С какой бы тщательностью ни готовилось наступление, как бы ни бились в штабах над выявлением точной группировки противника, нанося на карту каждую с трудом обнаруженную огневую точку, начало боев всегда сулит немало неожиданностей и противник всякий раз преподносит наступающим разные сюрпризы. В штабе 1-го Украинского фронта ждали этих сюрпризов, надеялись на скорое прояснение обстановки, когда враг раскроет наконец свои карты и введёт в бой скрытые резервы. Тогда можно будет предпринять правильные ответные действия, пустить в дело или попридержать на будущее резервные части. Неясность же обстановки всегда тревожит, заставляет вновь и вновь прикидывать варианты боевых действий. В таком вот взволнованном состоянии находился и маршал Конев после того, как по его приказу соединения 38-й и 60-й армий начали движение вперёд. Внешне, правда, Иван Степанович соблюдал спокойствие. Его глаза по-прежнему внимательно смотрели на вошедшего к нему начальника штаба генерала Соколовского, когда тот сообщил об успешном продвижении наших атакующих подразделений. Но подобные сообщения мало интересовали Конева, хотя они и были приятными, успокаивающими. Он ждал сведений о действиях противника, о его контрмерах. Но об этом штаб пока не имел никаких данных. И это беспокоило командующего фронтом.

Конев считал начальный период в наступательной операции самым тяжёлым. Не имея сведений о противнике, его намерениях, он вынужден и сам бездействовать, ждать, терять время, столь необходимое для выдвижения резервных частей, для введения в бой дополнительных сил авиации, артиллерии и танков, для определения главной оси движения основной массы войск.

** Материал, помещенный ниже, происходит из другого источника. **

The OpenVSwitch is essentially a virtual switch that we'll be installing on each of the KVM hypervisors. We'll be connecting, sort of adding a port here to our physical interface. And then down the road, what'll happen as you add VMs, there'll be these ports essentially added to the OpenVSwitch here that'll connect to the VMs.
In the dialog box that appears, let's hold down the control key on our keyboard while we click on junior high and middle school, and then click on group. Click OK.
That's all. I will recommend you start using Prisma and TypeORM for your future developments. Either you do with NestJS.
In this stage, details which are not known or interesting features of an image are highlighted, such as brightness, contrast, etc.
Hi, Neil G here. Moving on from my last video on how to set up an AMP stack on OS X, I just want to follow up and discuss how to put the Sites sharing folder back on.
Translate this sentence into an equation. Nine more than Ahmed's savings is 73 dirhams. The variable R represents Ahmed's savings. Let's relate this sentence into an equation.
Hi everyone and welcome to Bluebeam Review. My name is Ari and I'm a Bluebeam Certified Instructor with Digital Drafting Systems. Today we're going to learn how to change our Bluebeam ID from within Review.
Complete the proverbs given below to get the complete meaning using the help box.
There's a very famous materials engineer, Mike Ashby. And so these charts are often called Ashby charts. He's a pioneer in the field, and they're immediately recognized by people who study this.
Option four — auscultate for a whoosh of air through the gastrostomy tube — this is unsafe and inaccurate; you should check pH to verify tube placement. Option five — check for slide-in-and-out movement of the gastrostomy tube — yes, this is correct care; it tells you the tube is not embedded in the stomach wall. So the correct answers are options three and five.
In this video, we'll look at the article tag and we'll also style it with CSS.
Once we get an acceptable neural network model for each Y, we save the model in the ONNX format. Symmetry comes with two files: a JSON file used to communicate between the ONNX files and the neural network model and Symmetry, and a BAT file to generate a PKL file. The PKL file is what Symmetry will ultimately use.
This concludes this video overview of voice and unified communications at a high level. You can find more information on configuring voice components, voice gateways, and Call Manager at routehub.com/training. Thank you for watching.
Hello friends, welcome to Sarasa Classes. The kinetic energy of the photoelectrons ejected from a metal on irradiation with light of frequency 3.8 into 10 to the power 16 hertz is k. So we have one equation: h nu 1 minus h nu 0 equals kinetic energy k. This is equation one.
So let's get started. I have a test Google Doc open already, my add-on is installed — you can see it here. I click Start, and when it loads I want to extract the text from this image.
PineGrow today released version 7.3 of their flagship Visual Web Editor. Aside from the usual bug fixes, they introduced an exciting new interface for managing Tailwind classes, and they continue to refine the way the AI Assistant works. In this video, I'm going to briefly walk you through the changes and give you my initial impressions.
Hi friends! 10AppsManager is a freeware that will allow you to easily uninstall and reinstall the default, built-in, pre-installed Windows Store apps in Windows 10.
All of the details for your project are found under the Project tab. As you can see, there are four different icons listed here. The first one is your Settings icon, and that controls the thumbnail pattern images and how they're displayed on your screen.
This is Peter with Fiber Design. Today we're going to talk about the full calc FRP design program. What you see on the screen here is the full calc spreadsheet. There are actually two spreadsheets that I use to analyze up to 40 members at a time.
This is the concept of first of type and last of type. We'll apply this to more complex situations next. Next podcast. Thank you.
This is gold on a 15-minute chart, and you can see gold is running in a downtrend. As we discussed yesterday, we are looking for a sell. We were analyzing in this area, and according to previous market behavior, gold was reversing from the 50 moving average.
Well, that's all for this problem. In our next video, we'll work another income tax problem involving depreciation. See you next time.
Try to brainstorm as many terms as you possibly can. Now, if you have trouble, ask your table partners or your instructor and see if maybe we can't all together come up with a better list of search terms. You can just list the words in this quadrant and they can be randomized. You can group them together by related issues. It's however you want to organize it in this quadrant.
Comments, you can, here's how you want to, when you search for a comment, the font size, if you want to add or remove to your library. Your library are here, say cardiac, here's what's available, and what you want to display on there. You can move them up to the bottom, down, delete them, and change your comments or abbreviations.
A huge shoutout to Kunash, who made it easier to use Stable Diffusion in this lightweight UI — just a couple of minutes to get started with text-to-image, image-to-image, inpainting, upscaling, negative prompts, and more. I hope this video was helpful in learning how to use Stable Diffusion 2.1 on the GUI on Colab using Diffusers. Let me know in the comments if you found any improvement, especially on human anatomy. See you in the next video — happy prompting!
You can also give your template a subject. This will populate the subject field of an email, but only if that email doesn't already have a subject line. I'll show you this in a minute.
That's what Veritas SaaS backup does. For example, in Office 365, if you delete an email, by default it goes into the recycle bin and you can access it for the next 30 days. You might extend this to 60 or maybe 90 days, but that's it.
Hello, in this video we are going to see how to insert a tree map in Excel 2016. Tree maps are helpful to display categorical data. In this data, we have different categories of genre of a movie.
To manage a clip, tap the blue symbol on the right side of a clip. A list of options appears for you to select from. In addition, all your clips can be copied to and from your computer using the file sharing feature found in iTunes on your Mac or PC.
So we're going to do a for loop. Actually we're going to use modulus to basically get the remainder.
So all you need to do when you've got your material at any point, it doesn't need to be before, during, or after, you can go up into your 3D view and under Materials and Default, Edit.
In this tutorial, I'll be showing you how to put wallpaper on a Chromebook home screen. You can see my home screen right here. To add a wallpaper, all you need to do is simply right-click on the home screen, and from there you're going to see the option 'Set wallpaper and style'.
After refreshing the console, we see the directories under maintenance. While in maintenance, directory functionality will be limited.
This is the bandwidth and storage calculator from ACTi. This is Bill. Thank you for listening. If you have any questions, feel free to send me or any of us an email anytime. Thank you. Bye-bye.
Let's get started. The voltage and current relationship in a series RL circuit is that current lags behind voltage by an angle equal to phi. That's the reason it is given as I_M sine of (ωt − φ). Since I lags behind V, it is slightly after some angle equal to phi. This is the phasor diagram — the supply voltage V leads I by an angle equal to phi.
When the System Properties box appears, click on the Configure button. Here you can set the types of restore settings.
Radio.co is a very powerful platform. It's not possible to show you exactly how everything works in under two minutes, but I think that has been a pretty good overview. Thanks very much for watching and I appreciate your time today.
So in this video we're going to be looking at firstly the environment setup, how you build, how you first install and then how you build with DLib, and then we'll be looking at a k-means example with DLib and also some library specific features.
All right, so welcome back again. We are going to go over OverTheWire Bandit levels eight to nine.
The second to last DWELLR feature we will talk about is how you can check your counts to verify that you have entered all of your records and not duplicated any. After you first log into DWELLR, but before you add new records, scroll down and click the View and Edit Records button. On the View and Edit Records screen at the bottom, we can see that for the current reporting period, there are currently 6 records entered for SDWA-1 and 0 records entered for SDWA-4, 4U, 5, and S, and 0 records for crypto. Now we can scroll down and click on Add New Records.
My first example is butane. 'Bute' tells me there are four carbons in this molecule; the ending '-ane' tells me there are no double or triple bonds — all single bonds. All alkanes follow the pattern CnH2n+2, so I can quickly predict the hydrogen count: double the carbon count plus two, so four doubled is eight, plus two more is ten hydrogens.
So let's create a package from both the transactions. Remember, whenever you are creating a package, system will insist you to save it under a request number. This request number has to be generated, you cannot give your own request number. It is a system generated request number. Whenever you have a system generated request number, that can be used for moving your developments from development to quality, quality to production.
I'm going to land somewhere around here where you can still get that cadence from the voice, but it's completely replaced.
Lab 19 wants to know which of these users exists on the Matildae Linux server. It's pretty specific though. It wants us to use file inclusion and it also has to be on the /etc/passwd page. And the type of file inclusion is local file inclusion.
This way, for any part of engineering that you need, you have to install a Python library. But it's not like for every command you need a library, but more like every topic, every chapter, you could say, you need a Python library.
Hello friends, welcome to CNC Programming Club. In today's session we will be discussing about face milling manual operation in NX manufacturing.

Только через некоторое время от генерала Москаленко из 38-й армии поступило первое тревожное сообщение: «Противник крупными силами яростно атакует. Ввёл в бой танки. На некоторых участках из-за упорного сопротивления гитлеровцев наше наступление замедлилось...»

Конев пододвинул к себе карту и приказал:

– Свяжите меня с Москаленко. Хочу точно знать, что там у него происходит. Откуда у противника появились на этом участке крупные силы танков? Если всё так, как сообщают, то положение сложное. Но если командарм преувеличивает силы врага и топчется на месте, ещё опаснее.

Генерал Москаленко несколько прояснил суть своего донесения: наступающие полки его армии были внезапно контратакованы частями первой немецкой танковой дивизии. Пленные сообщили, что дивизия эта почти неделю пряталась в лесах в районе Зборова.

– Вы что же, проглядели эти танки? – выговаривал Конев. – Начали наступление, не проведя достаточной разведки. Как можно не заметить танковую дивизию?

Москаленко молча выслушивал справедливые упрёки. Знал, нужно время, чтобы Иван Степанович отошёл и верно оценил ситуацию. Всё же не утерпел и как можно спокойнее ответил:

– Вы же запретили нам вести разведку, товарищ маршал. Я довольствовался только сведениями, добытыми моими предшественниками да разведданными штаба фронта.